Transitioning a Church to Be More Outwardly Focused with Jack Warren

April 4, 2019

By Rich Birch
 

Welcome to this week’s unSeminary podcast. We have a great conversation today with Jack Warren, the executive pastor at Chase Oaks Church in the Dallas area. Chase Oaks has five campuses, including one with only Hispanic services. The church started traditionally and as it grew it became known as a strong bible-teaching church with a robust global missions ministry, but when it came to local outreach there wasn’t a lot happening.

Jack is with us today to talk about how Chase Oaks shifted to develop strong local connections while remaining internally healthy.

  • “Come as you are. Be transformed. Make a difference.” // Chase Oaks was a healthy church with lots of activity happening on the inside, from various bible studies to small groups, but all were internally-focused. Wanting to shift their focus to become more externally-oriented to engage their community, they went to the drawing board and began to evaluate what needed to be cut from their programming. They found that people were so busy with church activities, it prevented them from having space in their lives to engage with those outside the church. Their goal was for the staff and congregation to connect with their neighbors, local organizations, and just have time to engage with people their kids played sports with. So Chase Oaks went through a realignment process to streamline the pathway around their new strategy of “Come as you are. Be transformed. Make a difference.”
  • Start slowly. // The elders read a book called The Externally Focused Church by Eric Swanson, and they invited Eric to come spend some time with them and the other leaders, walking them through both the book and the transition.
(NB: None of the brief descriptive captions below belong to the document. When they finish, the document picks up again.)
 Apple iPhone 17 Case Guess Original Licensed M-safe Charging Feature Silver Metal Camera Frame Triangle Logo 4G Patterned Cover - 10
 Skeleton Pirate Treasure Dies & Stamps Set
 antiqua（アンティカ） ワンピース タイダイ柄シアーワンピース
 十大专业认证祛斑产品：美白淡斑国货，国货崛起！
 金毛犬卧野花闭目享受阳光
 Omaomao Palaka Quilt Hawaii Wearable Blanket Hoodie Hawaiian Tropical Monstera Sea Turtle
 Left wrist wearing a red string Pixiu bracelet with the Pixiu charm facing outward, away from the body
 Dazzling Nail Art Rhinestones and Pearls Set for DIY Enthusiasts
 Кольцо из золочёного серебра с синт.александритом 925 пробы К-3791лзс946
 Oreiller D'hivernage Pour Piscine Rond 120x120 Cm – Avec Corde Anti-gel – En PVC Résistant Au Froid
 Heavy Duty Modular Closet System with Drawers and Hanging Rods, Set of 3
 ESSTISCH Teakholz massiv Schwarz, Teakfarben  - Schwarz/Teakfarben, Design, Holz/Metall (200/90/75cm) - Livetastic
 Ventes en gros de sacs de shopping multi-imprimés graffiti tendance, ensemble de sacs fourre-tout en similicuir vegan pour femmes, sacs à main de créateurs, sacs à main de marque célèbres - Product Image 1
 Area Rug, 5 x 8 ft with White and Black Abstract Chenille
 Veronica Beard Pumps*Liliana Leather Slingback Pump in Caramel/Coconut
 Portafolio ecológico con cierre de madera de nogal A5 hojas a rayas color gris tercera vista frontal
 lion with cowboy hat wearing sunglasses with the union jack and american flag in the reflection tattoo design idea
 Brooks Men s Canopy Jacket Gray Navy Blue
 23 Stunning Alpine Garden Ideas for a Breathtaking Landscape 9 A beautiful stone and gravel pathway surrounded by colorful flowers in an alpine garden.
They then eased into the transition rather than overwhelm everyone all at once. The first year, the elders and the staff focused on their own lives. The next year they developed strategies for how to make space within the church and changed the structure of the small groups.
  • Assign an externally focused leader. // Now every small group in the church has a person whose only role is to mobilize their small group to be externally-focused. They identify a partnership in the community, or identify a cause, and then systemically put that into the schedule for their group. Incorporating this new structure was the big tipping point—the groups went from only building community with each other to having the resources and means to serve the local community together as a group.
  • Identify a need and a way to solve it. // Rather than reinvent the wheel, Chase Oaks set out to identify those organizations and businesses that were already helping groups in need and figured out what it meant to form a partnership with them. For example, every one of Chase Oaks’ campuses partners with at least one school. At first, the schools were resistant to partnering with them because of separation of church and state, so Chase Oaks started out by just working on the schools’ landscaping. It took five years to build trust to show they are there to help out with school supplies and other things rather than shove religion in students’ faces. It takes time, but it’s worth it to build that trust and those relationships.
  • Make external work the prime focus. // For some churches, working outside in the community can easily become a one-time thing or a once a year thing. But Chase Oaks makes external work their primary focus. Part of it is building that initial relationship, but the next step is finding out what are other things they need help with or initiatives they need people or money for. Then a life group stays in partnership with that organization and the leader stays in communication with the organization to know their needs.
  • Open groups to allow freedom to follow calling. // It used to be that team members served with the organizations based on what their life group leaders chose. Now Chase Oaks is going through a shift where members can partner with other team leaders to serve where their passions are. They may be a member of one life group that partners to help single moms, but their true passion may be to help homeless vets. So they can work with the leader of another life group that is working with an organization to help homeless vets instead while remaining on their original life group internally. This gives people the freedom to work with their own strengths and passions.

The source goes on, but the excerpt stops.